Project number: 2015-013
Project Status:
Completed
Budget expenditure: $304,607.83
Principal Investigator: Natalie A. Dowling
Organisation: CSIRO Oceans and Atmosphere Hobart
Project start/end date: 14 Apr 2016 - 14 Oct 2018
Contact:
FRDC

Need

The triple-bottom-line (TBL) of environmental/ecological, economic and social management objectives is important for stock sustainability, supporting environment health, resource access, certainty, export approvals and public confidence. However, it has yet to be operationalised within a harvest strategy context.

A harvest strategy (HS) framework specifies pre-determined management actions in a fishery to achieve management objectives via monitoring, assessment and decision rules. As opposed to a broader management strategy or procedure, HSs focus on controlling exploitation rates for relevant species.

To address the TBL requires

a) understanding the impact of environmental (bycatch, habitat, broader), economic and social aspects on a fishery,
b) elicitation of objectives and an understanding of the trade-offs between these,
d) assessment methods that may be applied within a HS.

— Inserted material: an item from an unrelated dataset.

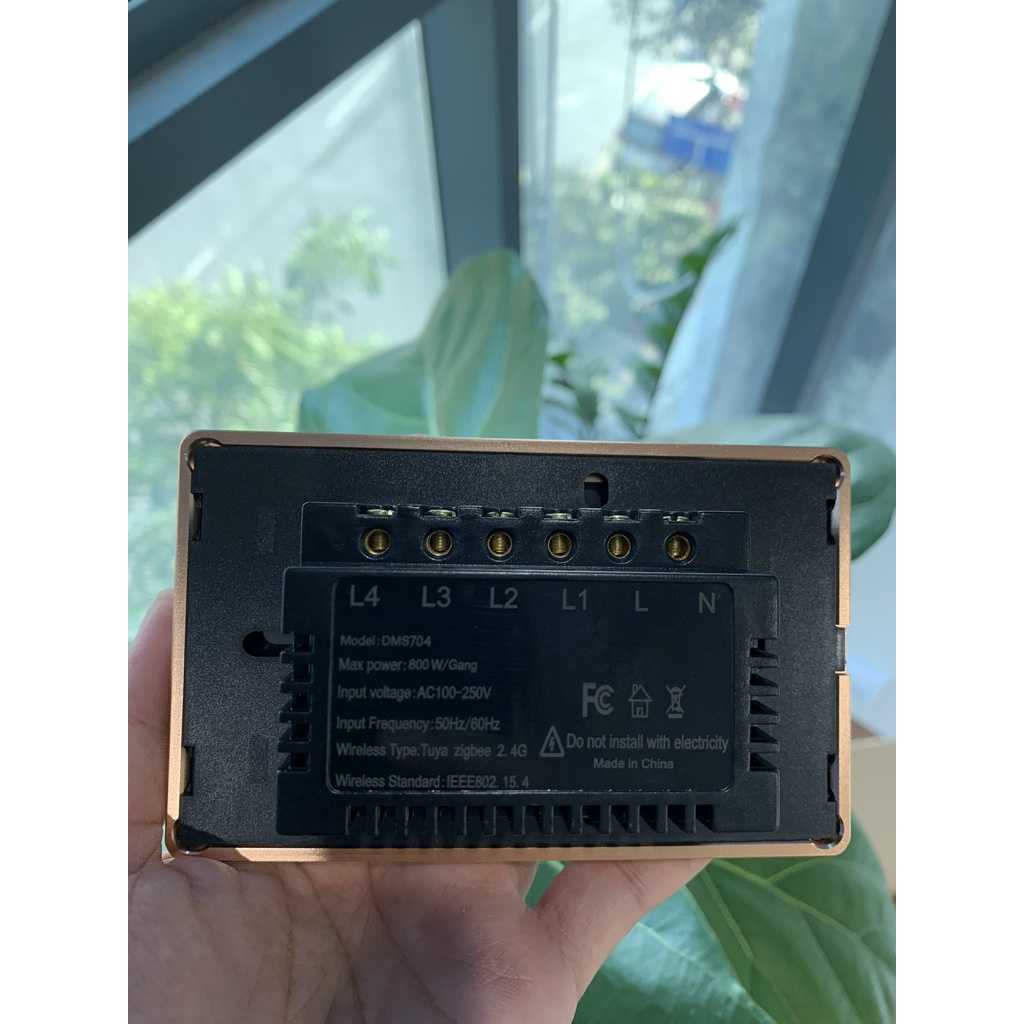 Công Tắc Wifi/Zigbee Nút Lõm Tuya SmartLife 3 Nút Cảm Ứng Viền Vàng , Công Tắc Thông Minh Điều Khiển Từ Xa Hình Chữ Nhật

The National HS Guidelines (FRDC 2010/061) state the importance of establishing operational TBL objectives. The National Strategy for Ecologically Sustainable Development stipulates that these objectives must be considered simultaneously, with none predominating. Queensland fishery management in the Great Barrier Reef Region aims to simultaneously achieve the objectives of the Fisheries Act (Qld) and the GBRMP Act (that permits ecologically sustainable use provided it is consistent with the main object of long-term environmental protection). Thus, addressing the TBL in a HS context is paramount for Queensland GBR fisheries.

The National HS Guidelines recommended the development of case studies to test their practical application, with priority assigned to multi-sector (e.g. commercial and recreational) fisheries that are directly confronted with TBL objectives (noting their mixed data quality and quantity). FRDC 2010/040 developed and tested social objectives for fisheries management but emphasised the outstanding need to integrate social objectives/indicators within HS frameworks.

Queensland multi-sector GBR fisheries provide an ideal starting point to develop and recommend TBL HSs, and one that is timely given the current review of Queensland fisheries management.

Objectives

1. To undertake a review of (existing work around) multi-objective management systems and associated assessment approaches (Phase 1)
2. To compile an inventory (incorporating existing work, and particularly that of 2013/204) of current environmental, economic and social objectives and consider how to translate such conceptual management objectives to operational objectives for multi-sector fisheries. (Phase 1)
3. To develop a theoretical framework (incorporating existing) methods and approaches with which to evaluate trade-offs between, and/or priorities for, environmental, economic and social objectives (Phase 1)
4. KEY OBJECTIVE: to develop a general Methodology for harvest strategy development against the triple-bottom-line for multi-sector fisheries (Phase 1)
5. To finalise the choice of Queensland state-based multi-sector case study fishery (Phase 1)
6. KEY OBJECTIVE: to develop and recommend (but NOT to formally implement and/or operationalize) a triple bottom line harvest strategy framework for a Queensland multi-sector case study fishery (Phase 2)

Final report

ISBN: 978-1-925994-15-5
Authors: Natalie Dowling Catherine Dichmont Sean Pascoe Toni Cannard George Leigh Rachel Pears Tom Roberts Sian Breen
Final Report • 2020-10-16 • 5.57 MB
2015-013-DLD.pdf

Summary

Based on the results of a comprehensive literature review and the collective expertise of the project team, we developed two alternative approaches with which to evaluate trade-offs between triple bottom line objectives and stakeholder preferences: a semi-quantitative multi-criteria decision analysis framework, and a quantitative simulation model approach.